Shareholders of most gold exchange-traded funds have had a rough start to the year as gold ETFs that profit on gold or gold stock gains have trended downward. The opposite has been true for several gold ETFs that profit as gold and gold stocks fall. More on that later however.

Popular long-only physical gold funds SPDR Gold Shares Trust (GLD) and iShares Gold Trust (IAU) have both declined about 6% so far this year. Among funds focused on miners, the Market Vectors Gold Miners Index ETF (GDX) is down 20%. The pain from these declines may have been a little less for gold investors if the S&P 500 had not accelerated more than 7% year-to-date.

It now appears the 2013 consensus for gold has turned bearish as investment banks around the world are downgrading their outlook.
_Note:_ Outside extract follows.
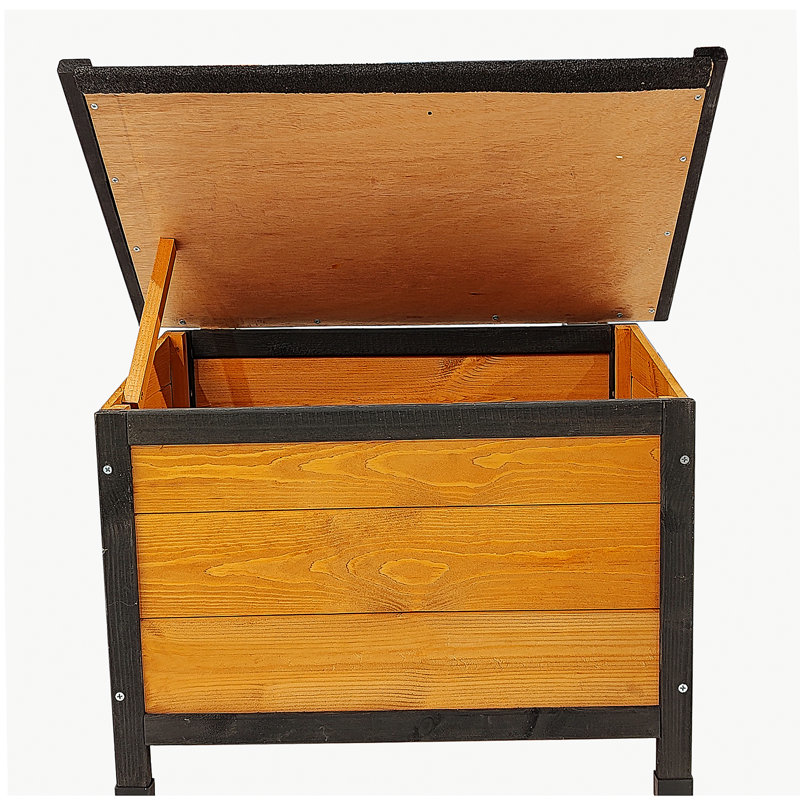 Niche pour chien XPT088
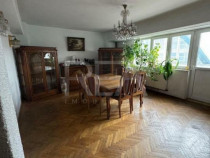 Apartament duplex 4 camere Iancului &ndash; 113 mp, etaj 1-2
This is in spite of increased buying by central banks and Asian countries.

For investors who believe the scarcity of gold will ultimately prove to be a large return driver, this current slump may be a great entry point. As many gold bulls point out, dips over the past 10 years have led to healthy gains for investors. Whether gold can continue its 12-year streak of gains is the big question in 2013.

Meanwhile, gold ETFs that profit as gold falls are positive for the year. How positive you ask? The leading short gold ETF, Direxion Daily Gold Miners Bear 3X Shares (DUST), is up more than 76% year-to-date. The fund seeks to deliver -300% of the daily performance of an index of gold mining stocks.

As always, be sure to read and fully understand the prospectus available for every investment product––especially one that is leveraged––before considering an investment.